Meanwhile, the battery-electric Leaf has racked up four-figure sales every single month since February 2013, when U.S.-built models started arriving at dealers from Nissan’s assembly plant in Smyrna, Tennessee.
“We celebrated two major milestones in March,” said Brendan Jones, the director of Nissan’s electric vehicle sales and infrastructure. “We reached 75,000 … Leaf sales in the U.S., and now we are America’s top-selling plug-in vehicle. Enthusiasm for electric cars continues to grow.”
The Leaf, now in its fifth model year, will be replaced roughly a year after the Volt. It’s expected to offer a range of battery packs, with the highest electric range somewhere between 140 and 200 miles.
The third-highest selling electric reported thus far is BMW’s i3, which logged 922 sales last month — close to the 1,000 monthly level it’s been hitting since last summer.
For its part, Tesla reported that it had sold 10,030 cars in the first quarter.
Plug-in hybrids
Sales of the Toyota Prius Plug-In Hybrid continued at the low level they’ve logged since last summer, with 473 delivered in March.

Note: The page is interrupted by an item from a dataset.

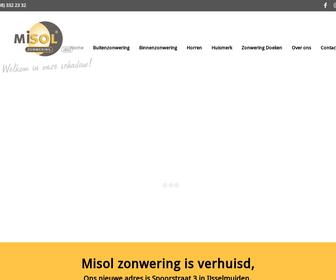 http://www.misolzonwering.nl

That’s up from the previous two months’ numbers, but the plug-in Prius — which has the lowest electric range of any plug-in car sold in North America — hasn’t cracked 1,000 monthly sales since July.
Lower-volume entries
The most recent pair of German battery-electric vehicles recovered somewhat from February’s low delivery numbers.
The Mercedes-Benz B-Class Electric Drive sold 145 in March, while the Volkswagen e-Golf was at 195.
The tiny Mitsubishi i-MiEV battery-electric minicar, meanwhile, saw March sales five times those of February. That is, 10 i-MiEVs found buyers in March versus two in February.
The $75,000 Cadillac ELR range-extended electric luxury coupe saw another 92 sales — bringing its total delivered since December 2013 to 1,627.
Among the compliance cars, one more Honda Fit EV found a buyer in March, its first sale since last December. And four more Toyota RAV4 EVs were delivered.
Both cars are at the end of their model run, with their makers having sold sufficient numbers to meet their California zero-emission vehicle requirements.
Chevy sold 151 Spark EVs as well, bringing the total since launch to 2,040.